(Data for processing Opens)

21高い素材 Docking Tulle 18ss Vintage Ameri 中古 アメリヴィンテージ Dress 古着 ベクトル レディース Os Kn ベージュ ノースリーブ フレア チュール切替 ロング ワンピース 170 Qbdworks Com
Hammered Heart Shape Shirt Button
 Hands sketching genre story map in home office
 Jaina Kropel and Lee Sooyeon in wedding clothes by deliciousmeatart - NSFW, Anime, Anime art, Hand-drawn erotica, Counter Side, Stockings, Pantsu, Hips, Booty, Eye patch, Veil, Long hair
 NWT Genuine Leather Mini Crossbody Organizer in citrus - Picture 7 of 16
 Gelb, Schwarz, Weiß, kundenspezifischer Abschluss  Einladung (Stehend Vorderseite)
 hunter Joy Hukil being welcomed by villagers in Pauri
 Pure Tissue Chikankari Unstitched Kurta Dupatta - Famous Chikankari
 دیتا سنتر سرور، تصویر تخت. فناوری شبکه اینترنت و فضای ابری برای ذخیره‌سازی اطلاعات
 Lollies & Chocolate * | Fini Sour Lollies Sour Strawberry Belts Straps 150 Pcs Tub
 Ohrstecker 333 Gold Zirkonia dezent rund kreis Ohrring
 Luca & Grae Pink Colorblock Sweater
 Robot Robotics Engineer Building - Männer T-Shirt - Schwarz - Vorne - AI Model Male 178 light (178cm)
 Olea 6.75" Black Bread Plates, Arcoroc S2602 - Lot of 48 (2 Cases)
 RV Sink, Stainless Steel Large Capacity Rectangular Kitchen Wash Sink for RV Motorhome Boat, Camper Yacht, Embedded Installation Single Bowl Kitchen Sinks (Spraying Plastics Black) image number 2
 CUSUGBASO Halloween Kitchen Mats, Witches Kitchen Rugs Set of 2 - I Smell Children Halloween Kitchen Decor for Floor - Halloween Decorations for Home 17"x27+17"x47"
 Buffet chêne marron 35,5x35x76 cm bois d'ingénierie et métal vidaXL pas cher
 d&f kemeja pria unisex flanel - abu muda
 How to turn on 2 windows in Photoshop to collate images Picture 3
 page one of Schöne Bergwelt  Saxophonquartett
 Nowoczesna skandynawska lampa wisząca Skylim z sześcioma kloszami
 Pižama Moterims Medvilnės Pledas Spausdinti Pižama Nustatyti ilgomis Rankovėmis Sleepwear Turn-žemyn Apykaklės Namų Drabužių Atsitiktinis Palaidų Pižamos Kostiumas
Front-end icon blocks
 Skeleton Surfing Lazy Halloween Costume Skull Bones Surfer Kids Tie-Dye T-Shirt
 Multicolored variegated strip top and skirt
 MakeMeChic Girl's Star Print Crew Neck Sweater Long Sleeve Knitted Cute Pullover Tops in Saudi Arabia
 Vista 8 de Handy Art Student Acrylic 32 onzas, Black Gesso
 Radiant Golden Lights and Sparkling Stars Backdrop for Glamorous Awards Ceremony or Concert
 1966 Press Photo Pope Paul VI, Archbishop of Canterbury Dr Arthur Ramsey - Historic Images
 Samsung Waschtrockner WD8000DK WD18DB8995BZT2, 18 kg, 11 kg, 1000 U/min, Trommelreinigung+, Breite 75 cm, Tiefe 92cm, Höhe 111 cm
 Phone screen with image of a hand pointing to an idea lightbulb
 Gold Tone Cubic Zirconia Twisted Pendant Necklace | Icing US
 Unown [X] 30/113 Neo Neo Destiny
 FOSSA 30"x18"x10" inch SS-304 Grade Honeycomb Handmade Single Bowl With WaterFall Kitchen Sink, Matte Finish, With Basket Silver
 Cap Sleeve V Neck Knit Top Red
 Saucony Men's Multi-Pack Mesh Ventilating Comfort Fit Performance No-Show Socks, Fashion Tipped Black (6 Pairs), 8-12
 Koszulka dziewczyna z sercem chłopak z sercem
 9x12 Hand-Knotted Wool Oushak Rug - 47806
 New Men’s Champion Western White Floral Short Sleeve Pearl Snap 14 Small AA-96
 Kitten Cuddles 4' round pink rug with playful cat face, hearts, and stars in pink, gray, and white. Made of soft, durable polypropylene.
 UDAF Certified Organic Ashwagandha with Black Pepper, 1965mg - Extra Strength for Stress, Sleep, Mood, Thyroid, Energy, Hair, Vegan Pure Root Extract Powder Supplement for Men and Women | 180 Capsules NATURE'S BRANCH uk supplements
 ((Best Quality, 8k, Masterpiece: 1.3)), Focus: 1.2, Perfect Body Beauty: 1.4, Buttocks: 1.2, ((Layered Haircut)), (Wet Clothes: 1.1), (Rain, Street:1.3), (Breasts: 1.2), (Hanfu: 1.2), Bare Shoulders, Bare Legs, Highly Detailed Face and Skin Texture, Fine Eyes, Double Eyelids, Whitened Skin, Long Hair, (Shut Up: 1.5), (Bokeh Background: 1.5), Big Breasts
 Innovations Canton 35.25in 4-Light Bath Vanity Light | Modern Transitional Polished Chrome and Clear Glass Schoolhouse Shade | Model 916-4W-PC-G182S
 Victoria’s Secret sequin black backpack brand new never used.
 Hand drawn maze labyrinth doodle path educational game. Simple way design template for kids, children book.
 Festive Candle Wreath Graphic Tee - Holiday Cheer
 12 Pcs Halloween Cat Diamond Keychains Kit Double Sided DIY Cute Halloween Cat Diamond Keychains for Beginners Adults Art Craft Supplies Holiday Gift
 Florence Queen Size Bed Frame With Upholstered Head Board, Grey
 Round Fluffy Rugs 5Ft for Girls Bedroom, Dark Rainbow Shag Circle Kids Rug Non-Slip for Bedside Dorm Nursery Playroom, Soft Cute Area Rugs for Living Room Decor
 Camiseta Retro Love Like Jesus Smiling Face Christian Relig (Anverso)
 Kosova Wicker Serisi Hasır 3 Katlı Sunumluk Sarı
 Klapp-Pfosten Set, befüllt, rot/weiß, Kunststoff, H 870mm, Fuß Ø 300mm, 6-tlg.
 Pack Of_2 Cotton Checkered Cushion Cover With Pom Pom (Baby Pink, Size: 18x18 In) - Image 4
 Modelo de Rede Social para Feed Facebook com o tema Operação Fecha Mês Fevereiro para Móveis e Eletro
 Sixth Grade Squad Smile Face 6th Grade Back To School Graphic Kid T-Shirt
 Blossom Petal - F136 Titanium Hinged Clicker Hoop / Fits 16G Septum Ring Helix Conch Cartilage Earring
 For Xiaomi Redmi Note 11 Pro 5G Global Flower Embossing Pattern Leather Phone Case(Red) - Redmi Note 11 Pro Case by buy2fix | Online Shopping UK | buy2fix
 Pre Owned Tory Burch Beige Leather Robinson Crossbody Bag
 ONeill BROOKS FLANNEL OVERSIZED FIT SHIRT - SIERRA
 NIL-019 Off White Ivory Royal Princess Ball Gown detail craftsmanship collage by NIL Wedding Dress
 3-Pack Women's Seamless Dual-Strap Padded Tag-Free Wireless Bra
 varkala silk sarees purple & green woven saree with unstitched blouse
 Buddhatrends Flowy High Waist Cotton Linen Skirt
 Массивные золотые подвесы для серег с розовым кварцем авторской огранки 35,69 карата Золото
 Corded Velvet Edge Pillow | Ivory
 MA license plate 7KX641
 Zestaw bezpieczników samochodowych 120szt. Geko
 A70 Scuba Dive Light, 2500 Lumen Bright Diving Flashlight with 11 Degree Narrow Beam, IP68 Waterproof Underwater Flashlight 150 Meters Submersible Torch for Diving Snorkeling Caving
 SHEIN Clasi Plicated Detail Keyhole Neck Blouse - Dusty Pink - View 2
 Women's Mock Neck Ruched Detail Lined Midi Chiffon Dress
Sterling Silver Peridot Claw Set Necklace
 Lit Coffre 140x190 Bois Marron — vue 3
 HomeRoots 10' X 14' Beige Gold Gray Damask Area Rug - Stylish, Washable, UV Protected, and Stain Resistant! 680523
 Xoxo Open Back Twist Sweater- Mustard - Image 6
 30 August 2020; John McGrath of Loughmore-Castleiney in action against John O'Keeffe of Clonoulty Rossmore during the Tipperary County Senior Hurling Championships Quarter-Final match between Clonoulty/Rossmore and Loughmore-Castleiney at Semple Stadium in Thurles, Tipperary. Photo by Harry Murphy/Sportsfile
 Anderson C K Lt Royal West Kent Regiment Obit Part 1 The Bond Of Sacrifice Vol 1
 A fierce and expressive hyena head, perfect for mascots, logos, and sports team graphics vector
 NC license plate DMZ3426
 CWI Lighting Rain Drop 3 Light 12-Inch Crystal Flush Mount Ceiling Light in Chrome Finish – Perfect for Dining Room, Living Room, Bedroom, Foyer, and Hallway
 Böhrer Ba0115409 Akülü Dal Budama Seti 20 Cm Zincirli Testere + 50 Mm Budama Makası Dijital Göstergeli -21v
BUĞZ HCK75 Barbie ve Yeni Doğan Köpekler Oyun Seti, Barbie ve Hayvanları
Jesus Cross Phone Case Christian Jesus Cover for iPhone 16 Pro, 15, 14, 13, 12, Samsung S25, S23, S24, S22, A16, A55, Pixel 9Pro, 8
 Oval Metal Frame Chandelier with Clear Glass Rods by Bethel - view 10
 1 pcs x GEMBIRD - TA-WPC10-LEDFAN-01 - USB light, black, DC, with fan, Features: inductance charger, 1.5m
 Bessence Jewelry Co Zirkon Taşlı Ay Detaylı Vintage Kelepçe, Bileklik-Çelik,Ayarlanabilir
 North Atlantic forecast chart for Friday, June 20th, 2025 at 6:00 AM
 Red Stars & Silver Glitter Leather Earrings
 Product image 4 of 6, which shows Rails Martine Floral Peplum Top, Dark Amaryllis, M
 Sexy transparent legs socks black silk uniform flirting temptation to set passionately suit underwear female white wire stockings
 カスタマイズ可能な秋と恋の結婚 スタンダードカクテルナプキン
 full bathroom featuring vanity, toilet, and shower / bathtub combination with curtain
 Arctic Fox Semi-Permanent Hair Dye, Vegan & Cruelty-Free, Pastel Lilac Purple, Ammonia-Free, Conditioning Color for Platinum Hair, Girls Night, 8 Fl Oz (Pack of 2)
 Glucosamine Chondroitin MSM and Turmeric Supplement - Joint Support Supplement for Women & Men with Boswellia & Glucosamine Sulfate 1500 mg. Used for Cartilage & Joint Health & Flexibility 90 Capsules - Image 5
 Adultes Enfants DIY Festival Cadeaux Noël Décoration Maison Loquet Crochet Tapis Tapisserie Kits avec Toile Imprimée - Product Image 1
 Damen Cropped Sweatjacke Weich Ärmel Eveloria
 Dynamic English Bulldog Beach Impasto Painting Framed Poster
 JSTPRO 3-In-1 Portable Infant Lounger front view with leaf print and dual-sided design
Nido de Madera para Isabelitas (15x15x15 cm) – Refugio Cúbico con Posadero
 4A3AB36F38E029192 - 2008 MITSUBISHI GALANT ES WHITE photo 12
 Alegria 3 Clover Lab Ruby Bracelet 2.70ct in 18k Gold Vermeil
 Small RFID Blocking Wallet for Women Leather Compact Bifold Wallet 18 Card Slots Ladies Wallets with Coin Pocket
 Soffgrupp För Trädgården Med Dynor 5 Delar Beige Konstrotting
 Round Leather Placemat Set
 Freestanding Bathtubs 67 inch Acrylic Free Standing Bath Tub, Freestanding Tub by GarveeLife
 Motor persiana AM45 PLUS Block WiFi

(Data for processing Closes)

_Your assignment_:
What you give back must be the stretch above, starting at the line with "Xoxo Open Back" and ending at the line with "30 August 2020;", copied exactly.

_Result_:
 Xoxo Open Back Twist Sweater- Mustard - Image 6
 30 August 2020; John McGrath of Loughmore-Castleiney in action against John O'Keeffe of Clonoulty Rossmore during the Tipperary County Senior Hurling Championships Quarter-Final match between Clonoulty/Rossmore and Loughmore-Castleiney at Semple Stadium in Thurles, Tipperary. Photo by Harry Murphy/Sportsfile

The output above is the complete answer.